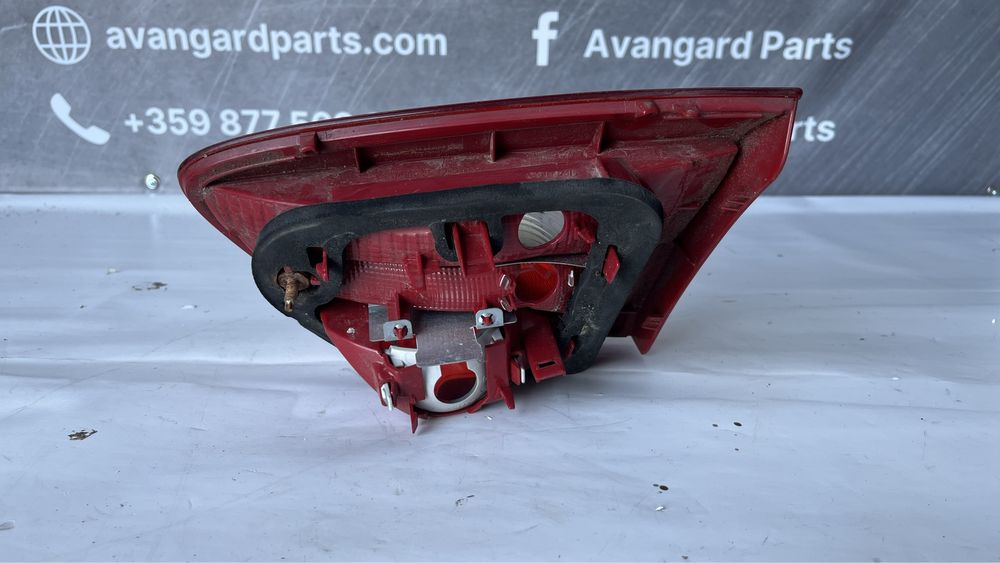 2 броя ляв и 1 брой десен стоп Seat Ibiza 4 (2008-2012)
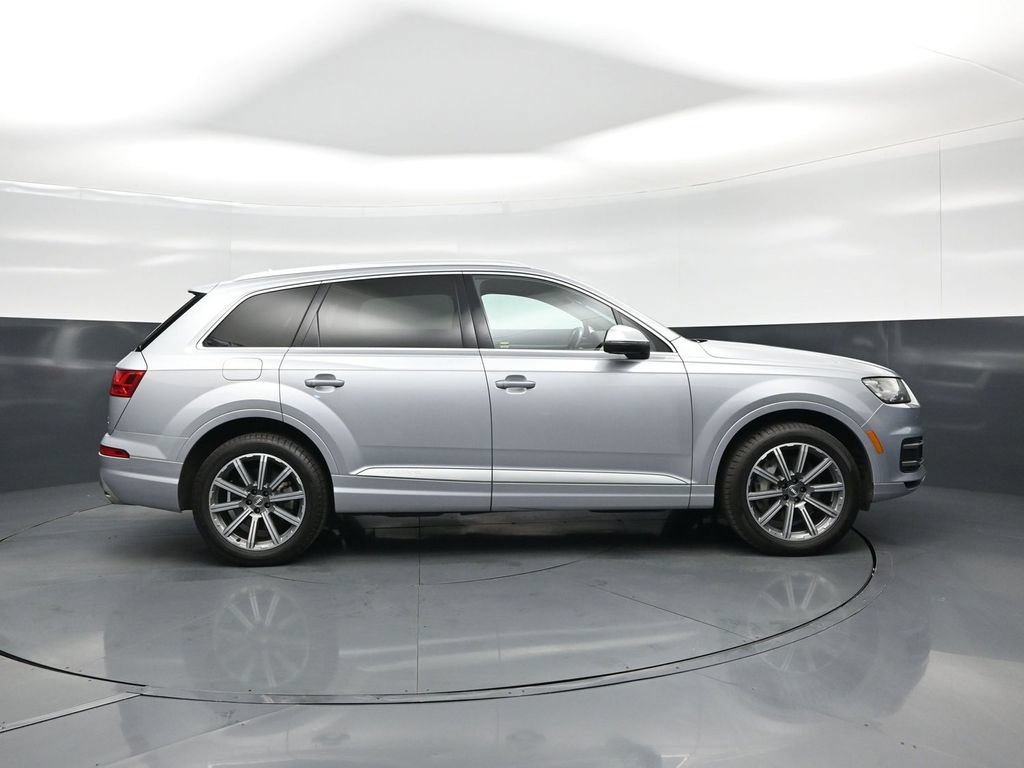 Used 2017 Audi Q7 3.0T Premium Plus w/ Premium Plus Package AWD/4WD image 30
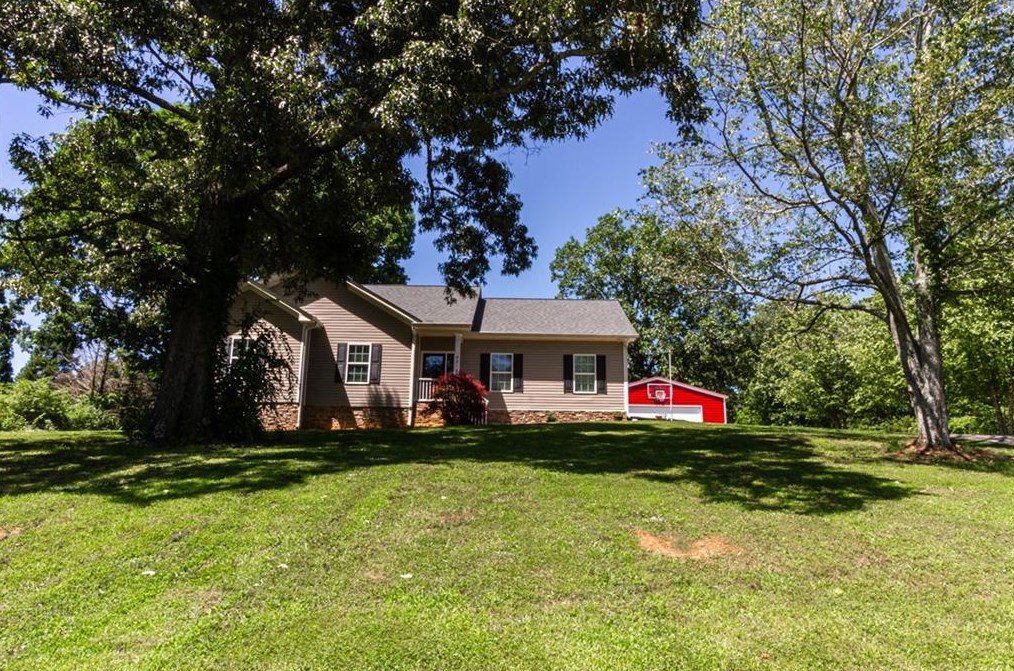 5318 Bethel Rd, Clermont, GA 30527-1922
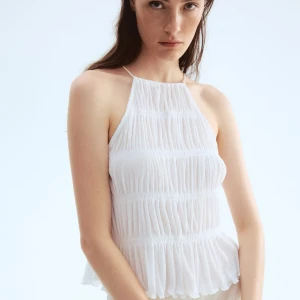 SÖKER HM LINNE - Hej! Söker detta linne ifrån hm i storlek xs i både vit och svart. Kan betala ca 150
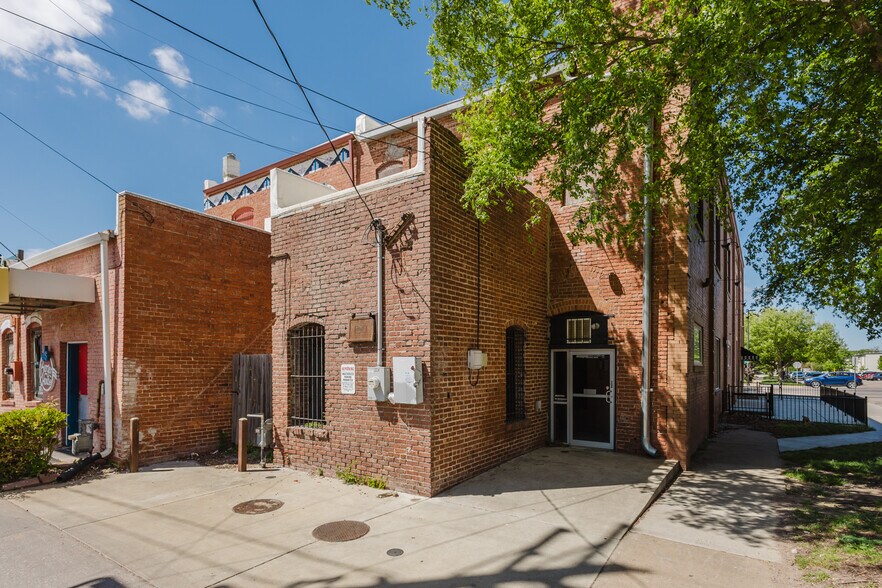 More Photos Of 1001 W Douglas Ave, Wichita Storefront For Sale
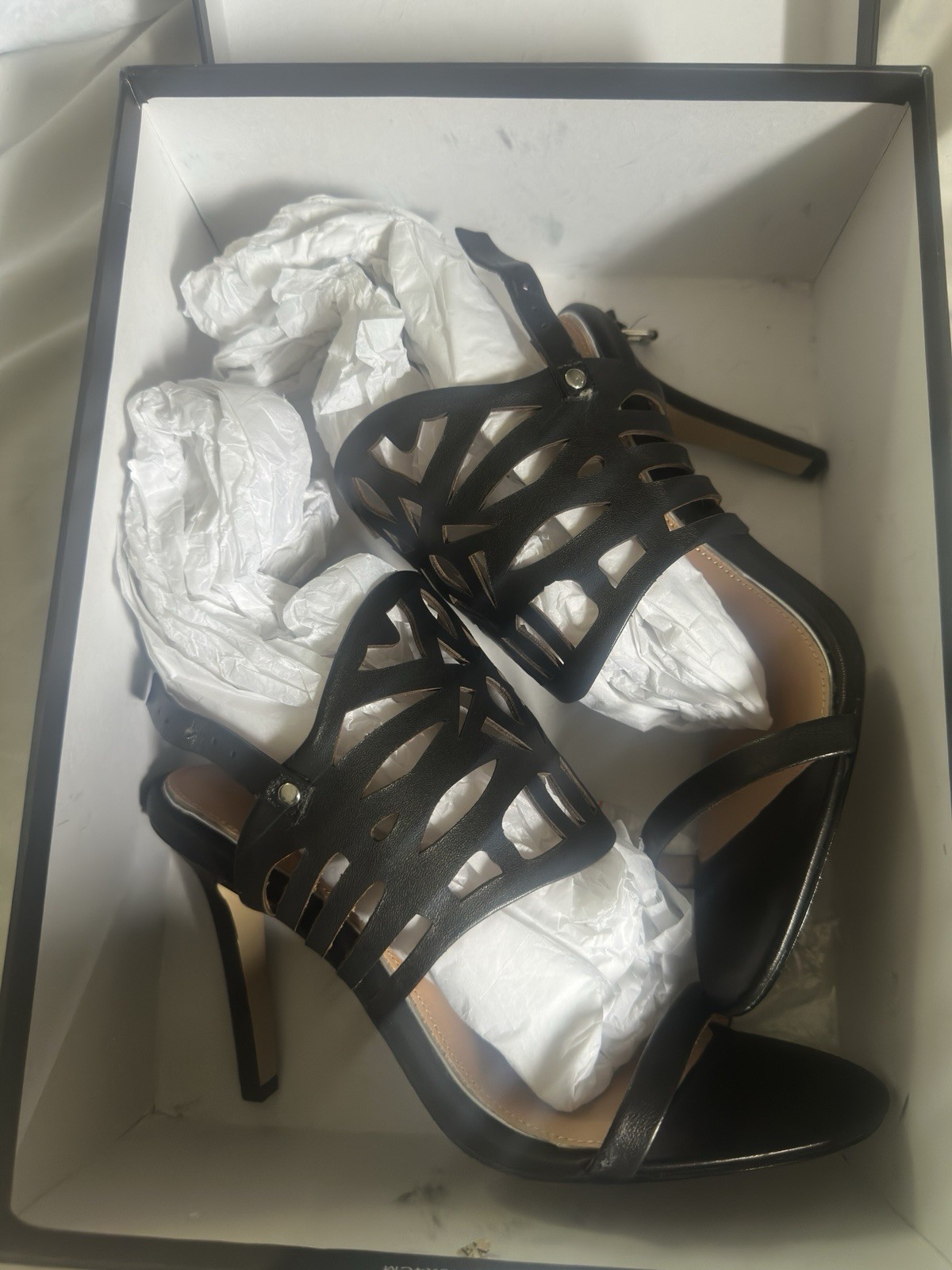 Badgley Mischka Black Strappy Stiletto Heels Open Toe Ankle Strap Buckle 6M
※
Task instructions:
Every line above should be retyped exactly; the pictures do not belong in the copy.

Reply to the task:
 2 броя ляв и 1 брой десен стоп Seat Ibiza 4 (2008-2012)
 Used 2017 Audi Q7 3.0T Premium Plus w/ Premium Plus Package AWD/4WD image 30
 5318 Bethel Rd, Clermont, GA 30527-1922
 SÖKER HM LINNE - Hej! Söker detta linne ifrån hm i storlek xs i både vit och svart. Kan betala ca 150
 More Photos Of 1001 W Douglas Ave, Wichita Storefront For Sale
 Badgley Mischka Black Strappy Stiletto Heels Open Toe Ankle Strap Buckle 6M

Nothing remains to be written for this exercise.